- Information shown
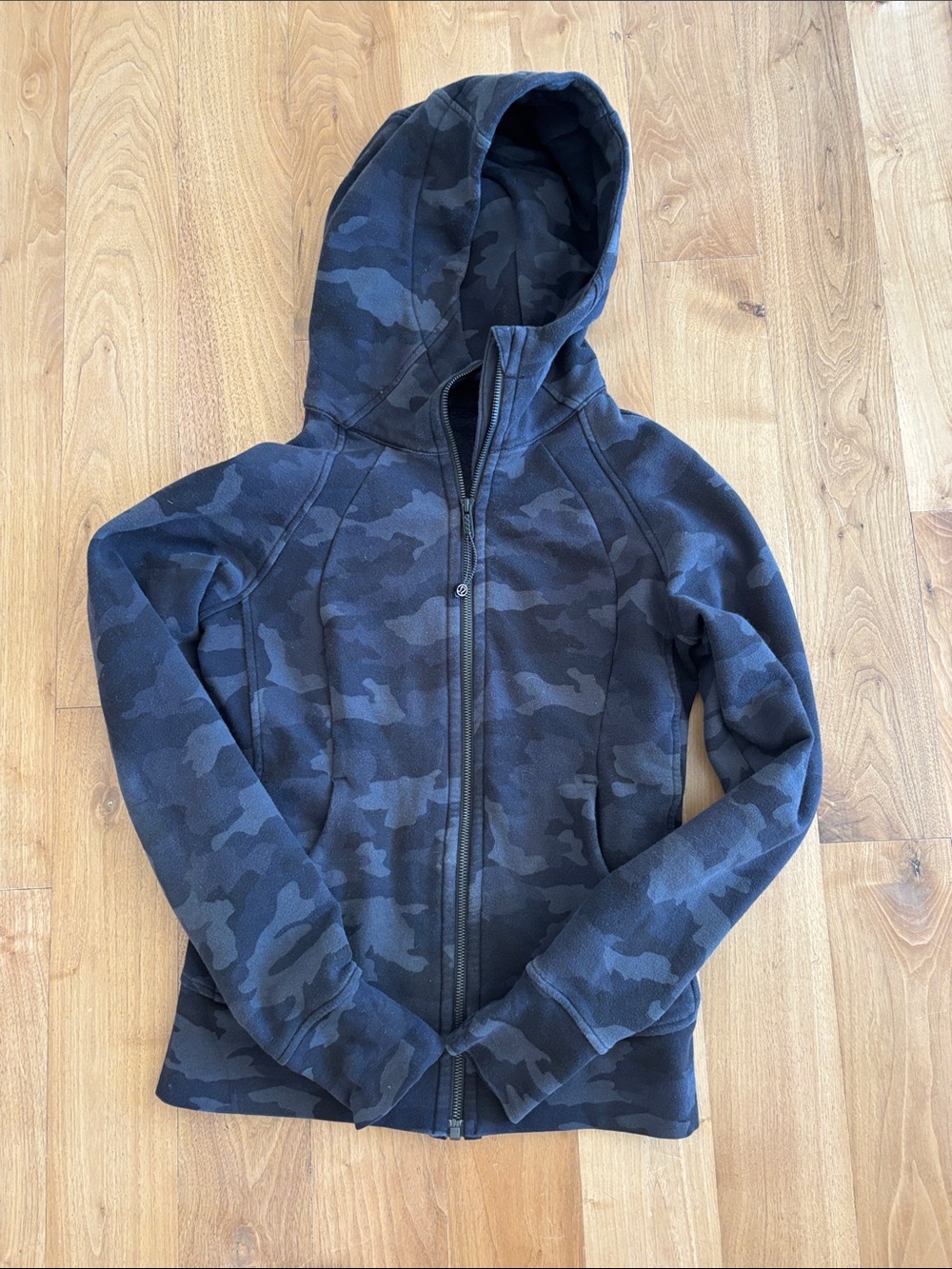 lululemon athletica Women's Black Camo Hooded Scuba Zip Jacket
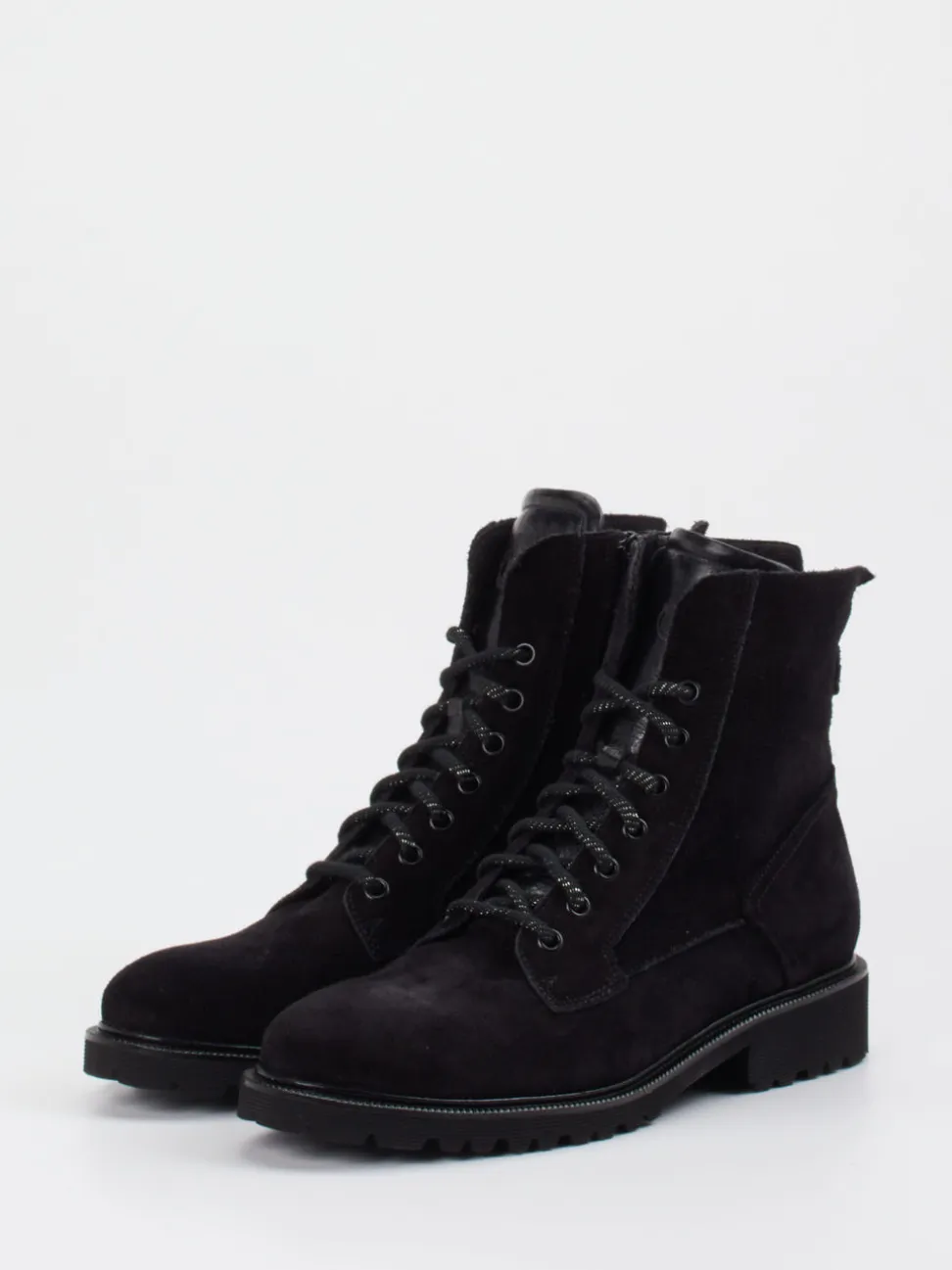 Durea – Schnürboots aus Veloursleder schwarz
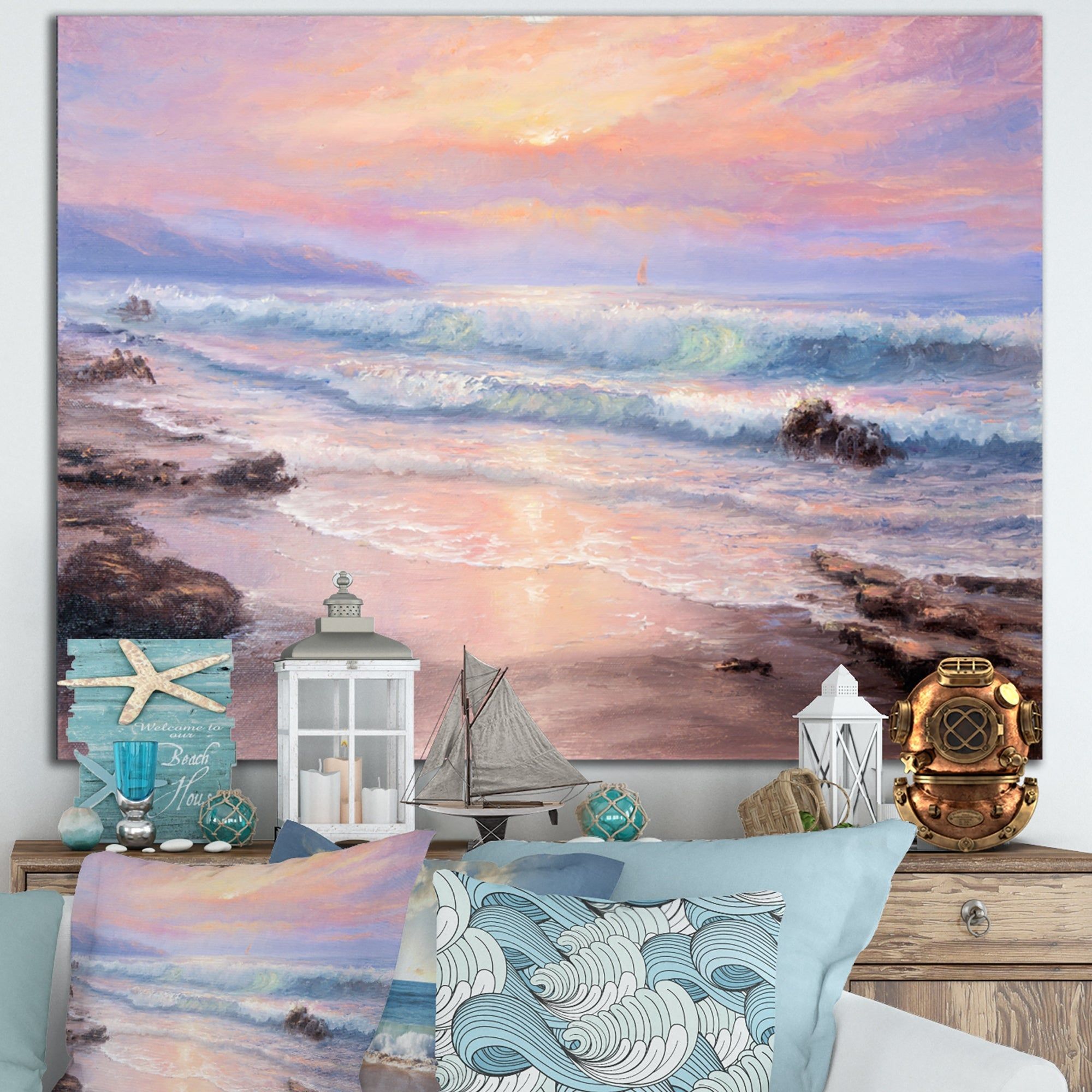 Designart 'Pastel Purple Sunset Over Incoming Ocean I' Nautical &  Coastal Canvas Wall Art Print – Overstock – 32364267 Intended For Pastel Sunset Wall Art (View 9 of 15)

- Problem to solve
Leaving the pictures out, set down all of the data again exactly.

- Task response
 lululemon athletica Women's Black Camo Hooded Scuba Zip Jacket
 Durea – Schnürboots aus Veloursleder schwarz
 Designart 'Pastel Purple Sunset Over Incoming Ocean I' Nautical &  Coastal Canvas Wall Art Print – Overstock – 32364267 Intended For Pastel Sunset Wall Art (View 9 of 15)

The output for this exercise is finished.